Most of OpenAI tooling and examples is based on Python, but this guide uses JavaScript exclusively.

We’ll begin with a brief explanation of some core concepts, before diving into more and more code. Towards the finish we’ll discuss some strategies for token management and maintaining a conversation.

Overview

Here are the topics we will be discussing:

OpenAI endpoints

In this guide, we will work with two OpenAI REST endpoints.

Chat Completions

POST https://api.openai.com/v1/chat/completions

The Create chat completion endpoint generates a human-like text completion for a provided prompt.
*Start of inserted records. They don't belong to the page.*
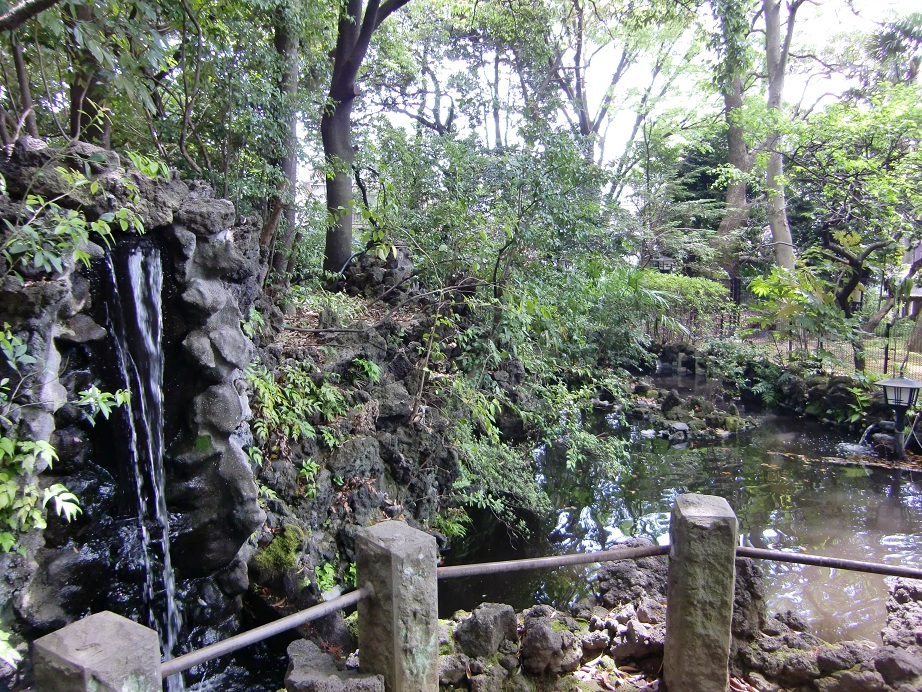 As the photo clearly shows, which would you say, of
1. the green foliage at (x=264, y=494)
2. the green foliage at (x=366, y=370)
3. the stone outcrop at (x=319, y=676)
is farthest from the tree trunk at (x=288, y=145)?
the stone outcrop at (x=319, y=676)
We’ll use it to start and keep the conversation going between the end-user and OpenAI’s Large Language Models (LLMs) such as GPT-3.5 and GPT-4.

Create Embeddings

POST https://api.openai.com/v1/embeddings

With the embeddings endpoint, we can create embeddings from plain text. We will use these embeddings to store and query a vector database. Embeddings? Vector database? No worries, we have you covered.

The openai package

We’re going to use these endpoints directly, and not OpenAI’s npm package. This package targets Node.js, but eventually you might want to deploy your own endpoint on an environment without Node.js, such as a serverless or edge platform like Cloudlare Workers, Netlify Edge or Deno. Now that fetch is ubiquitous I think the REST APIs are just as easy to use without any dependencies. I like being “closer to the metal” and stay flexible.

Key concepts

We’ve already introduced a few concepts that may be new to you. Let’s discuss embeddings, vector databases and prompts briefly before diving into any code.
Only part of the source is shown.